Nog geen tien minuten later zat ik met mijn bergfiets in iets wat het meeste leek op de bedding van een drooggevallen waterval. En daar dan je fiets met 25 kilo bagage omhoog duwen. Na een uur ploeteren en de wegen volgen die er volgens Goegelmeps moesten zijn, maar er domweg niet waren en de Franse ambtenaar die die kaart aan Goegel had gegeven de typhus wensend, kwam ik ineens een gravelweg tegen. Omdat ik over die berg moest, volgde ik 'm bergop. Na een half uur klimmen, maar wel weer fietsend, kwam ik aan op een verlaten parkeerplaats.
Die hoorde bij een even verlaten klooster, dat volgens het informatiebord in de Tweede Wereldoorlog gediend had als verzetshaard voor de Maquis. Er stond een slagboom, waar ik m'n fiets overheen tilde, en een wandelpad bordje dat mij wat hoop gaf, maar dat niet voor fietsers begaanbaar was wegens te nauw en veel te steil. Na m'n fiets opnieuw over de slagboom getild te hebben, volgde ik de weg 123 in godsnaam dan maar naar beneden. Halverwege de berg kwam dat pad uit op een geasfalteerde weg, die me via de VVV en een kaart van de regio verder richting Toulon bracht. Vroeger dan normaal stopte ik met fietsen. De boot ging pas de volgende avond laat en omdat ik bij een kruidenier echt goedkoop kouwe blikjes frisdank kon kopen, en ze erg tof waren daar. Het voelde goed, zeg maar. Soms heb je dat.
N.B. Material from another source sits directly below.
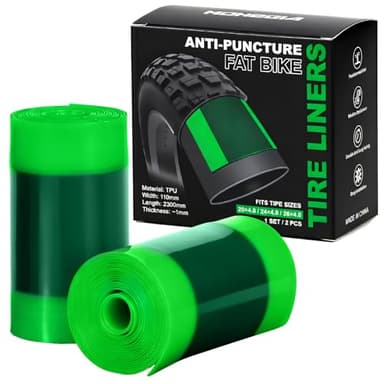 MOHEGIA Fat Tire Liners - 2 Pack TPU Bike Tube Protection Liner Against Flats,Heat & Weather Resistant for 20x4.0 / 24x4.0/ 26x4 .0 Fat Bicycle & E-Bike Tires(Size 110x2300 mm)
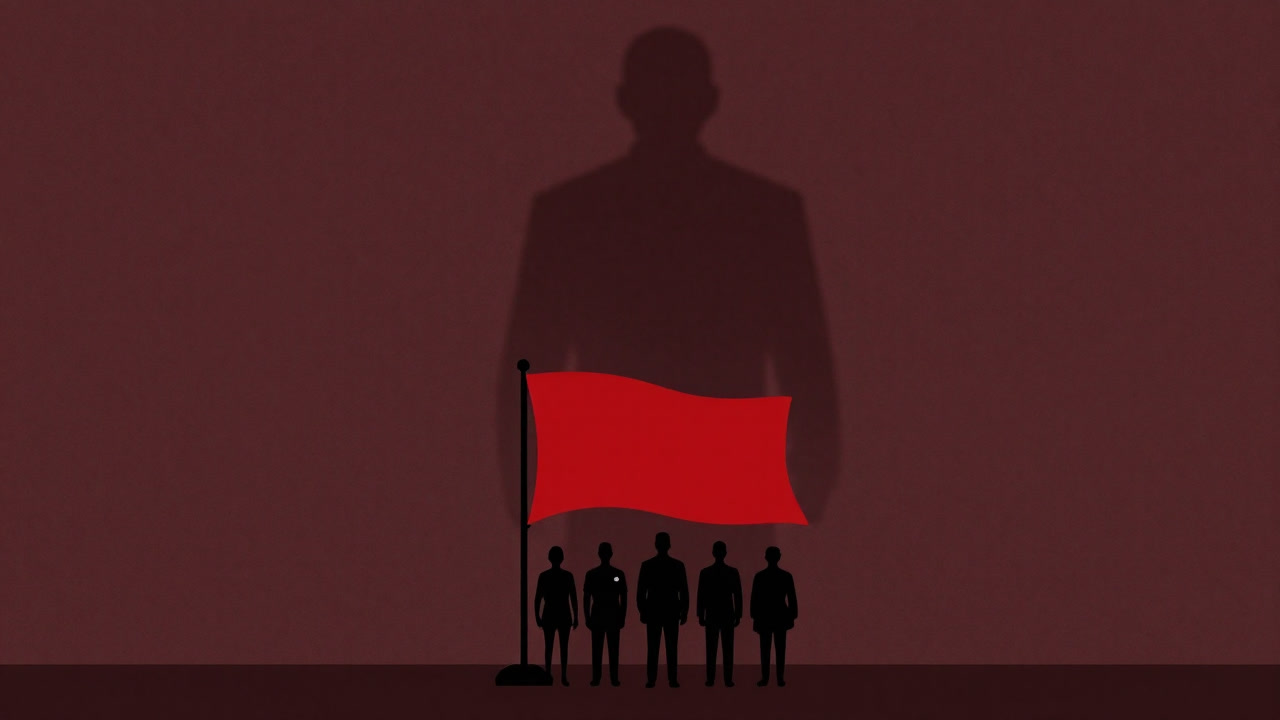 Silhouettes of people aligned under a red flag with a looming shadow of the central committee in the background.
Er was ook een leuk campingkje een stukje bergafwaarts, dus ik heb daar m'n tentje opgezet en ben terug naar die kruidenier gegaan voor nog meer drinken en avondeten. De volgende dag was ik rond de middag in Toulon, maar omdat m'n boot pas 's avonds vertrok naar Bastia heb ik de hele dag rondjes langs de baai gereden. Ik had al een tijd geen zee meer gezien.
De boot van Toulon naar Bastia vertrekt 's avonds en dan kom je 's ochtends vroeg aan. Een ticket kun je via internet bestellen, en al dan niet uitprinten. Ze kunnen bij de boot ook op basis van je naam je reservering vinden. Ik had een slaapstoel besteld, maar het was achteraf gezien handiger geweest om gewoon net als de meeste mensen een stuk bank in een van de foyers te kapen want dan kan je helemaal plat. Toen ik om een uur of half zeven 's ochtends doro een raam naar Corsica keek, sloeg de vrees me om het hart. Het eerste wat ik zag waren echt joekels van bergen. "Tering", dacht ik, "moet ik daar overheen straks?"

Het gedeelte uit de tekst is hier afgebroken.